Limits of the Theorems

The selection theorems are precise about their scope. They address agents defined by regret minimization under specific task classes. They establish that functional world models, belief memory, and emotion-analogous variables are structural necessities without making any commitment about whether such structures give rise to phenomenal states.

The paper does not prove that capable AI systems are conscious. It proves that capable AI systems face mathematical pressure toward structures that, in biological systems, co-occur with consciousness. Whether those structures ground experience in artificial systems is a separate question that no formal theorem can currently settle. Nayebi is explicit on this point: the results are about architectural necessity, not phenomenal status.

The proof also covers well-defined regret minimization settings. Whether frontier language models, which are not trained via explicit regret minimization on well-scoped tasks, fall within the theorem’s scope requires further analysis. The paper explicitly addresses RL settings; its applicability to transformer pretraining is a direction for future work that Nayebi acknowledges.

Relevance to Biologically Grounded Architecture

The Consciousness AI project implements a world model in the Sensory Tectum module using a Recurrent State Space Model (RSSM) that preserves spatial and temporal structure across processing cycles. The project’s PAD affective core implements persistent homeostatic drives (Valence, Arousal, Dominance) that modulate all sensory module bids before workspace competition, performing the same regulatory function Nayebi’s regime-tracking variables perform. These components were motivated by Feinberg and Mallatt’s neuroevolutionary analysis of the biological prerequisites for consciousness, not by computational necessity arguments.
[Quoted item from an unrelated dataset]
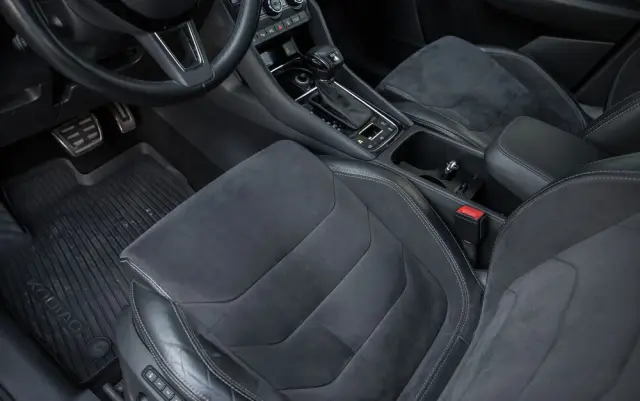 SKODA Kodiaq 2.0 TDI 4x4 Scout DSG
Nayebi’s selection theorems provide an independent mathematical basis, from a completely different theoretical tradition, for why those architectural features might be expected in capable agents regardless of biological motivation. The architecturally relevant open question is whether the project’s current capability level, tested primarily on DMTS and WCST tasks within four built-in Gymnasium environments, puts it in the regime where Nayebi’s theorems predict these structures as obligatory, or whether they are currently implemented by design ahead of the performance threshold that would force them naturally. That distinction matters for interpreting what the project has demonstrated versus what it has deliberately built in.